Aims of stakeholder workshops
Our UnBias stakeholder workshops bring together individuals from a range of professional backgrounds who are likely to have differing perspectives on issues of fairness in relation to algorithmic practices and algorithmic design. The workshops are opportunities to share perspectives and seek answers to key project questions such as:
- What constitutes a fair algorithm?
- What kinds of (legal and ethical) responsibilities do internet companies have to ensure their algorithms produce results that are fair and without bias?
- What factors might serve to enhance users’ awareness of, and trust in, the role of algorithms in their online experience?
- How might concepts of fairness be built into algorithmic design?
The workshop discussions will be summarised in written reports and will be used to inform other activities in the project. This includes the production of policy recommendations the development of a fairness toolkit consisting of three co-designed tools 1) a consciousness raising tool for young internet users to help them understand online environments; 2) an empowerment tool to help users navigate through online environments; 3) an empathy tool for online providers and other stakeholders to help them understand the concerns and rights of (young) internet users.
The case studies
We have prepared four case studies concerning key current debates around algorithmic fairness. These relate to: 1) gaming the system – anti-Semitic autocomplete and search results; 2) news recommendation and fake news; 3) personalisation algorithms; 4) algorithmic transparency.

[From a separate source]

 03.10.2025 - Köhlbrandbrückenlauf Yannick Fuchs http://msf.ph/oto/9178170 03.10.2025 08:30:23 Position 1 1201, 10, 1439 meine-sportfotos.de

The case studies will help to frame discussion in the first stakeholder workshop on February 3rd 2017. Participants will be divided into four discussion groups with each group focusing on a particular case study and questions arising from it. There will then be an opportunity for open debate on these issues. You might like to read through the case studies in advance of the workshop and take a little time to reflect on the questions for consideration put forward at the end of each one. If you have a particular preference to discuss a certain case study in the workshop please let us know and we will do our best to assign you to that group.
Definitions:
To aid discussion we also suggest the following definitions for key terms:
Bias – unjustified and/or unintended deviation in the distribution of algorithm outputs, with respect to one, or more, of its parameter dimensions.
Discrimination (should relate to legal definitions re protected categories) – unequal treatment of persons on the basis of ‘protected characteristics’ such as age, sexual identity or orientation, marital status, pregnancy, disability, race (including colour, nationality, ethnic of national origin), religion (or lack of religion). Including situations where the ‘protected characteristics’ is indirectly inferred via proxy categories.
Fairness – a context dependent evaluation of the algorithm processes and/or outcomes against socio-cultural values. Typical examples might include evaluating: the disparity between best and worst outcomes; the sum-total of outcomes; worst case scenarios.
Transparency – the ability to see into the workings of the algorithm (and the relevant data) in order to know how the algorithm outputs are determined. This does not have to require publication of the source code, but might instead be more effectively achieved by a schematic diagram of the algorithm’s decision steps.
Workshop schedule:
- 9:45-10am Welcome/informal networking
- 10:00 – 10:30 Brief introduction to UnBias project & pre-workshop questionnaire completing
- 10:30 – 10:45 Coffee break / choosing of case-study discussion group
- 10:45 – 11:30 case-study discussion
- 11:30 – 11:45 Coffee break
- 11:45 – 13:00 Results from case study groups opened up for plenary discussion
- 13:00 – 13:30 Wrap up, open discussion and networking
Privacy/confidentiality and data protection
All the workshops will be audio recorded and transcribed. This in order to facilitate our analysis and ensure that we capture all the detail of what is discussed. We will remove or pseudonymise the names of participating individuals and organisations as well as other potentially identifying details. We will not reveal the identities of any participants (except at the workshops themselves) unless we are given explicit permission to do so. We will also ask all participants to observe the Chatham House rule – meaning that views expressed can be reported back elsewhere but that individual names and affiliations cannot.